Understanding clusterRetryStrategy (after Failed to refresh slots cache) #1062
Description
ioredis version: 4.15.1
Running on elasticache cluster. Code via lambda.
Everything works flawlessly most of the time. However as our project is scaling up, very occasionally we have started seeing Failed to refresh slots cache
errors, especially in our longer running scripts.
It's my understanding that clusterRetryStrategy
should be called before ioredis throws any errors. From ioredis readme:
When a number is returned, ioredis will try to reconnect to the startup nodes from scratch after the specified delay (in ms). Otherwise, an error of "None of startup nodes is available" will be returned.
However, our logs are showing an error before clusterRetryStrategy
is called (we are logging from the retry function).

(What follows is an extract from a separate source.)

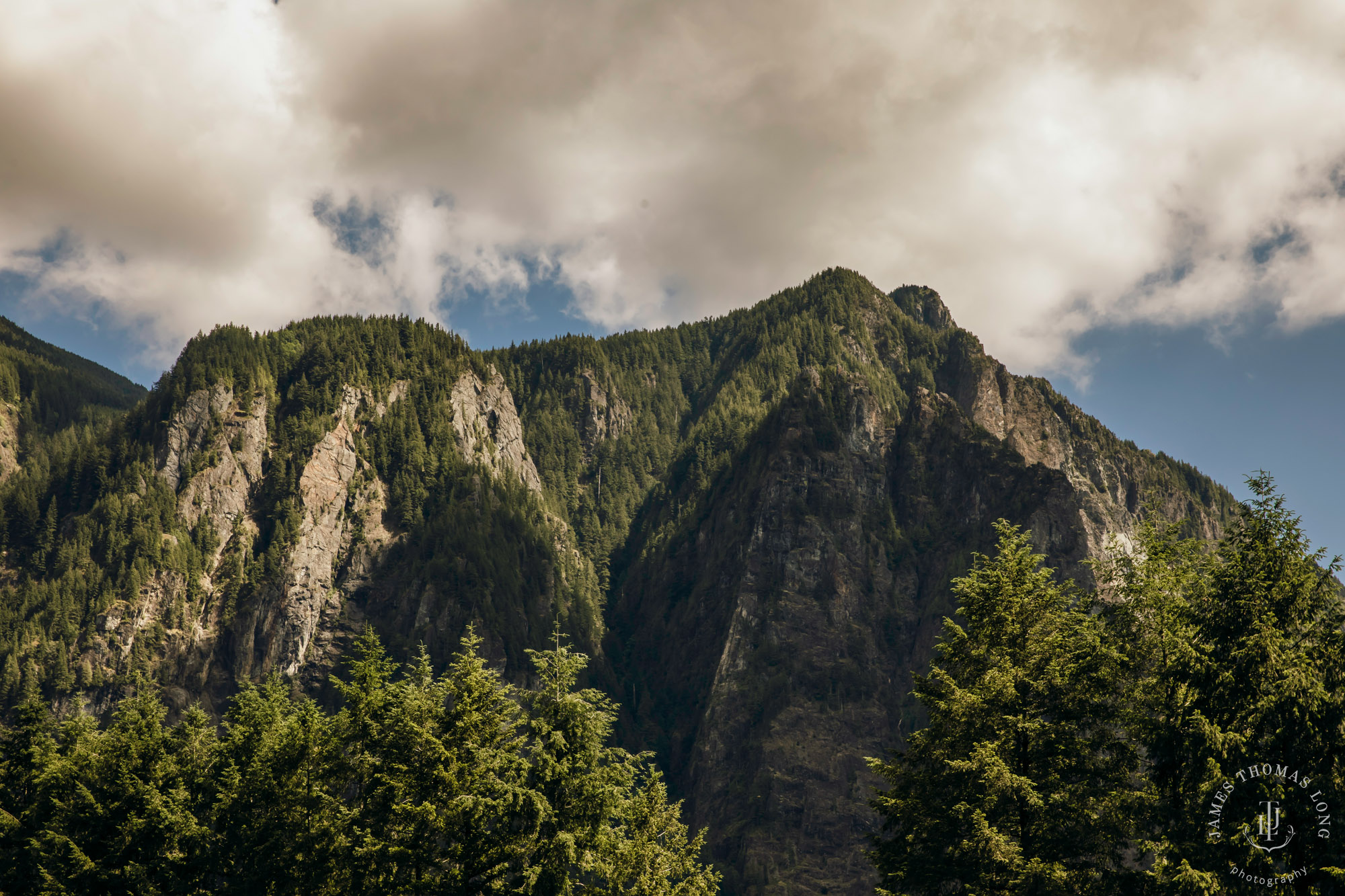 North Fork Farm Snoqualmie wedding by Snoqualmie wedding photographer James Thomas Long Photography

In addition, we are returning a number from clusterRetryStrategy
, but it doesn't seem to have any effect. clusterRetryStrategy
is only called once with 1
as the argument, and then the error flow begins and our code fails.
In Summary:
- Should we be seeing any errors such as "None of startup nodes is available" before
clusterRetryStrategy
is ever called? (If not I think there's a bug). - How do we get
clusterRetryStrategy
to actually cause a reconnection? Are we supposed to be catching these errors somewhere so that ioredis actually has time to retry?